ARL. Bravo, cussì me piase; sior sì, ve leveremo dal mondo.
MEN. Mi, sior, no gh’ho paura de bruti musi.
PASQUAL. (Oimei! Qua se taca barufa! Me despiase d’esser in compagnia). (da sé)
LEL. Amici, non mi abbandonate. (a Pasqualino ed Arlecchino)
ARL. Fideve de mi, e no ve dubitè.
MEN. Fradei, no me lassè. (ai barcaruoli)
NANE Pugna pro patria, e traditor chi fugge.
TITA Sarò qual mi vorrai, scudier o scudo.
LEL. Alle corte. Mi volete dar dei denari, sì o no? (a Menego)
MEN. Anca mi a le curte. No ve vogio dar gnente.
LEL. Siete un cane, un assassino del vostro sangue.
MEN. A mi?
TITA Qua no se alza la ose, patron.
LEL. Che pretendete da me? Bricconi quanti siete. Pasqualino, Arlecchino, pronti.
NANE Coss’è sti briconi? Sier peruca de stopa.
TITA Parlè megio, sier mandria.
LEL. Eh, giuro al cielo. (alza il bastone contro i barcaruoli)

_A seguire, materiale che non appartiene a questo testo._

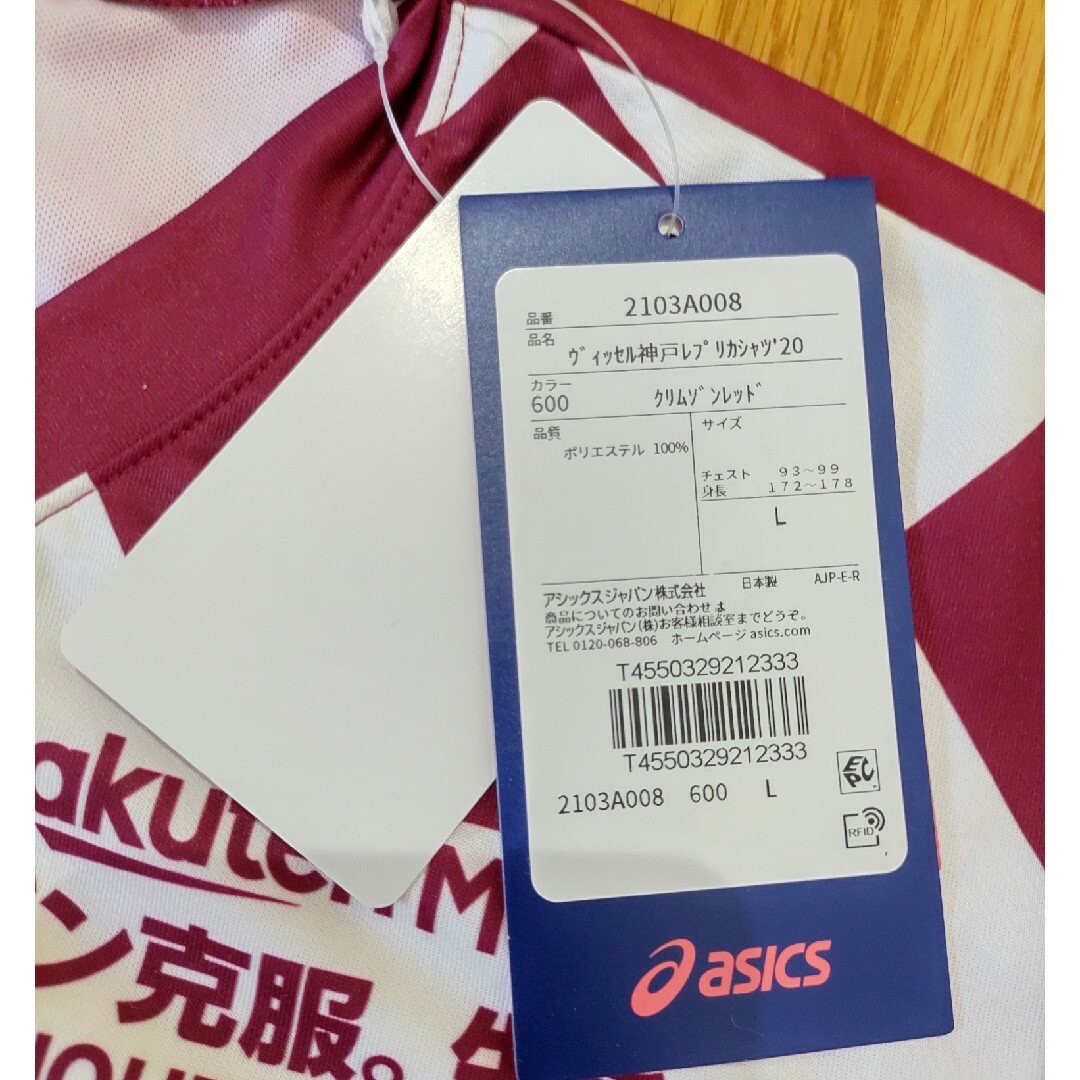 新品 未使用 ヴィッセル神戸 酒井高徳選手 ユニフォーム Lサイズ 新品 未使用 ヴィッセル神戸 酒井高徳選手 ユニフォーム Lサイズ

NANE Indrio, sier cagadonao. (caccia mano a un stilo)
TITA Via, che te sbuso. (sfodera un pugnale)
LEL. V’ammazzerò quanti siete. (mette mano alla spada. Pasqualino e Arlecchino fuggono. Siegue zuffa tra Lelio e Nane e Tita; Menego vorrebbe dividerli, ma non s’arrischia; finalmente Nane dà una stilettata in petto a Lelio, il quale barcollando va a morire dentro la scena.)